Apache Ignite provides seamless integrations with Hadoop and Spark. While the Ignite-Hadoop integration allows you to use Ignite File System as a primary caching layer to store HDFS data, Ignite-Spark integration allows you to share state in-memory across multiple spark jobs using an implementation of Spark RDD and DataFrames.
Apache Ignite is a distributed memory-centric database and caching platform that is used by Apache Spark users to:
- Achieve true in-memory performance at scale and avoid data movement from a data source to Spark workers and applications.
- Boost DataFrame and SQL performance.
- More easily share state and data among Spark jobs.
One of unique capabilities of Ignite is a distributed in-memory file system called Ignite File System (IGFS). IGFS delivers similar functionality to Hadoop HDFS, but only in memory. In fact, in addition to its own APIs, IGFS implements Hadoop FileSystem API and can be transparently plugged into Hadoop or Spark deployments.
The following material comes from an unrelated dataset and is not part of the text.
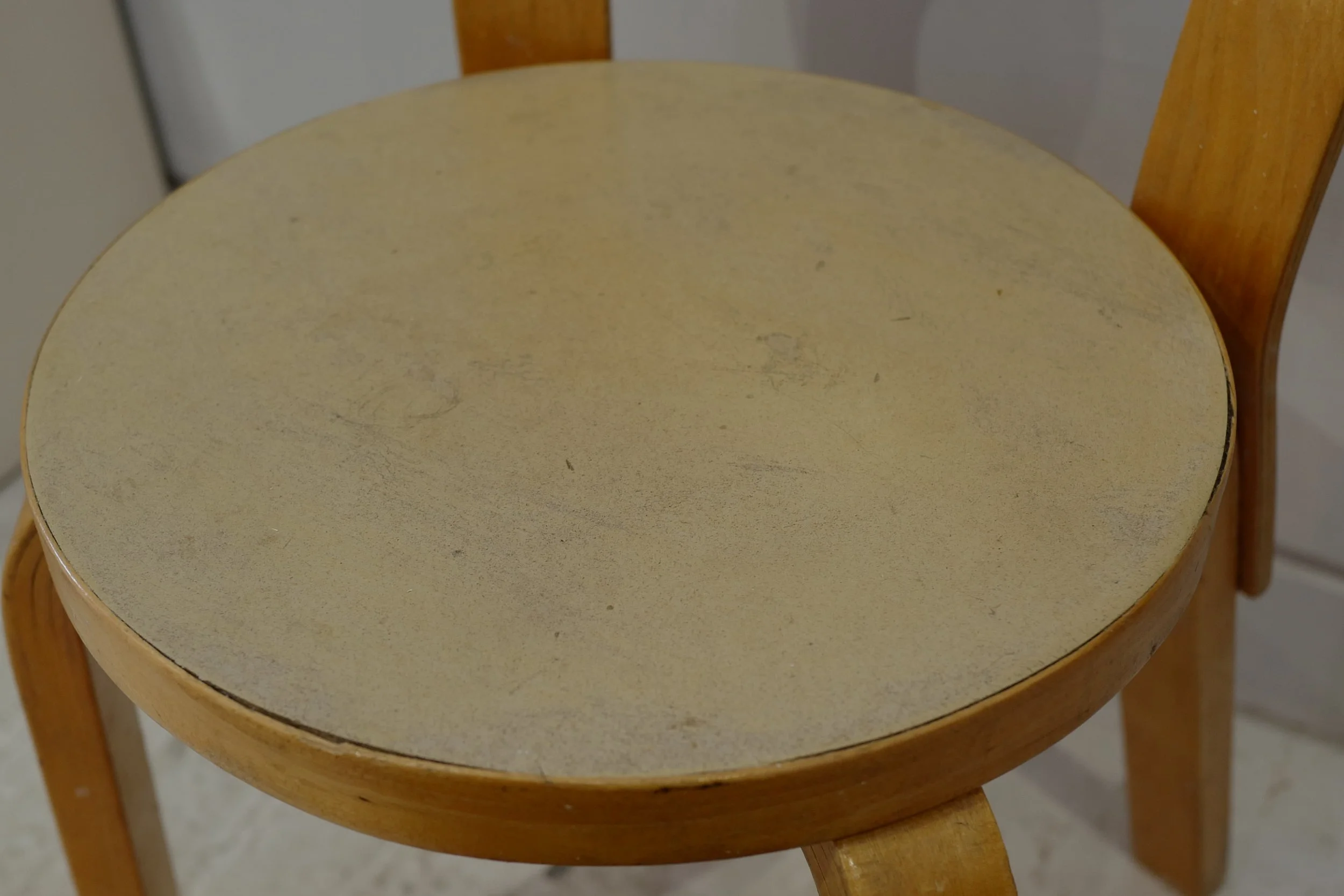 ベージュ　リノリュウム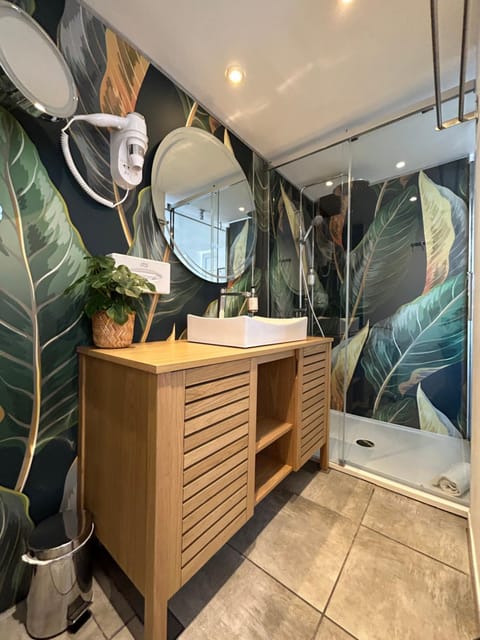 Hôtel Eden Cassis - centre-ville- piscine chauffée, jacuzzi et sauna - parking privé Hotel in Cassis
Ignite In-Memory MapReduce allows to effectively parallelize the processing data stored in any Hadoop file system. It eliminates the overhead associated with job tracker and task trackers in a standard Hadoop architecture while providing low-latency, HPC-style distributed processing.
Apache Ignite Hadoop Accelerator provides a set of components allowing for in-memory Hadoop job execution and file system operations. It can be used in combination with Ignite File System and In-Memory MapReduce, and can be easily plugged in to any Hadoop distribution.